_Work to complete_. When you copy the material below, keep every line exact and leave each picture out.
Data below:
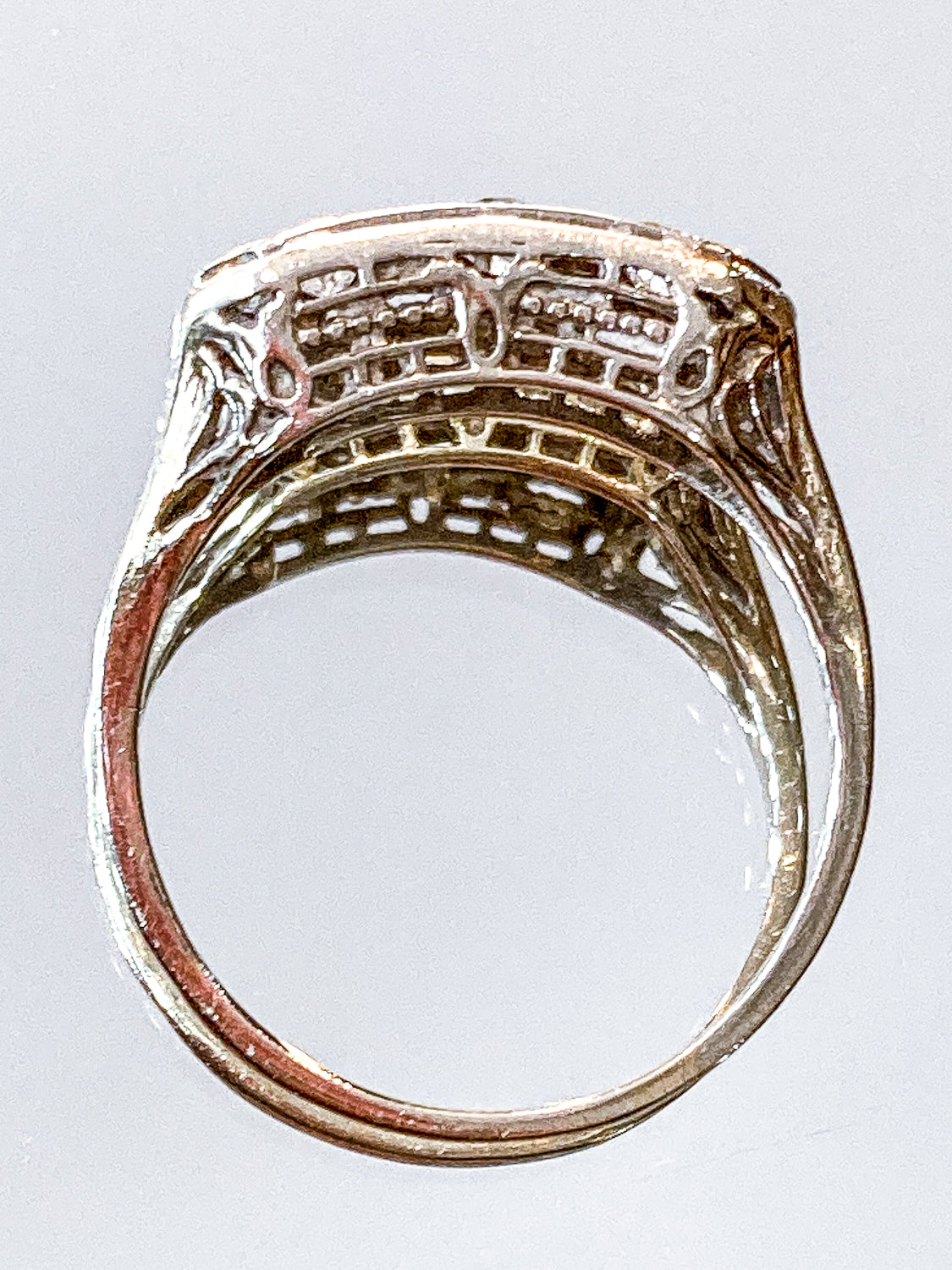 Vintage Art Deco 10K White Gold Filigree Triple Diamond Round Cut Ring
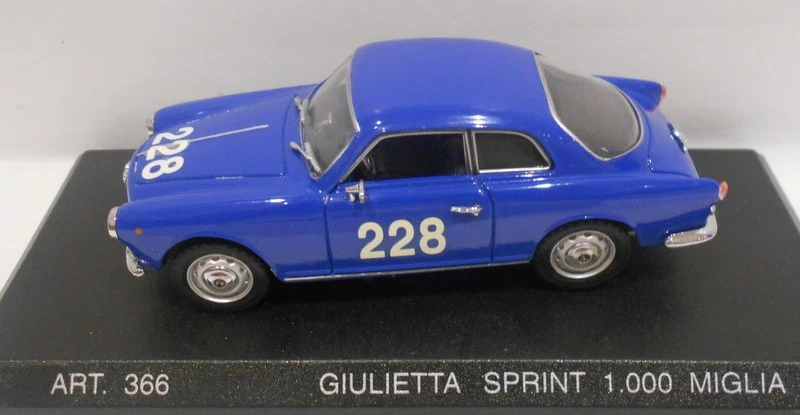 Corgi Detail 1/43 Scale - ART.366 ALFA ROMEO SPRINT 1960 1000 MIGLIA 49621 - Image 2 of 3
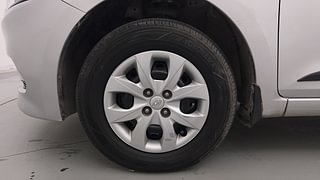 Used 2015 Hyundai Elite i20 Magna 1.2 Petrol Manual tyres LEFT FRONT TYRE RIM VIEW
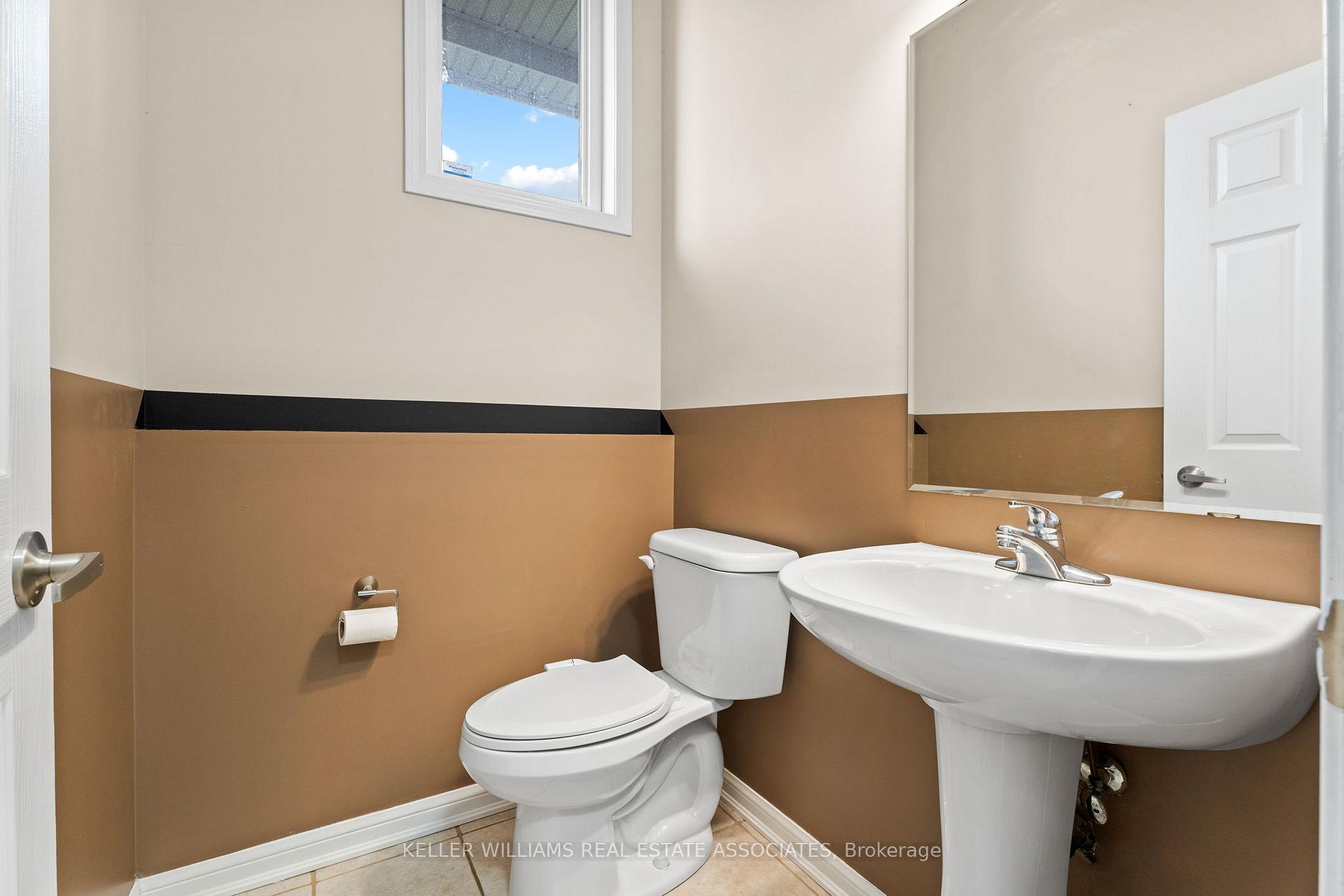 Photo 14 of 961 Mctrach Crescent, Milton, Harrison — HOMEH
End of Data.
_Result for this exercise_.
 Vintage Art Deco 10K White Gold Filigree Triple Diamond Round Cut Ring
 Corgi Detail 1/43 Scale - ART.366 ALFA ROMEO SPRINT 1960 1000 MIGLIA 49621 - Image 2 of 3
 Used 2015 Hyundai Elite i20 Magna 1.2 Petrol Manual tyres LEFT FRONT TYRE RIM VIEW
 Photo 14 of 961 Mctrach Crescent, Milton, Harrison — HOMEH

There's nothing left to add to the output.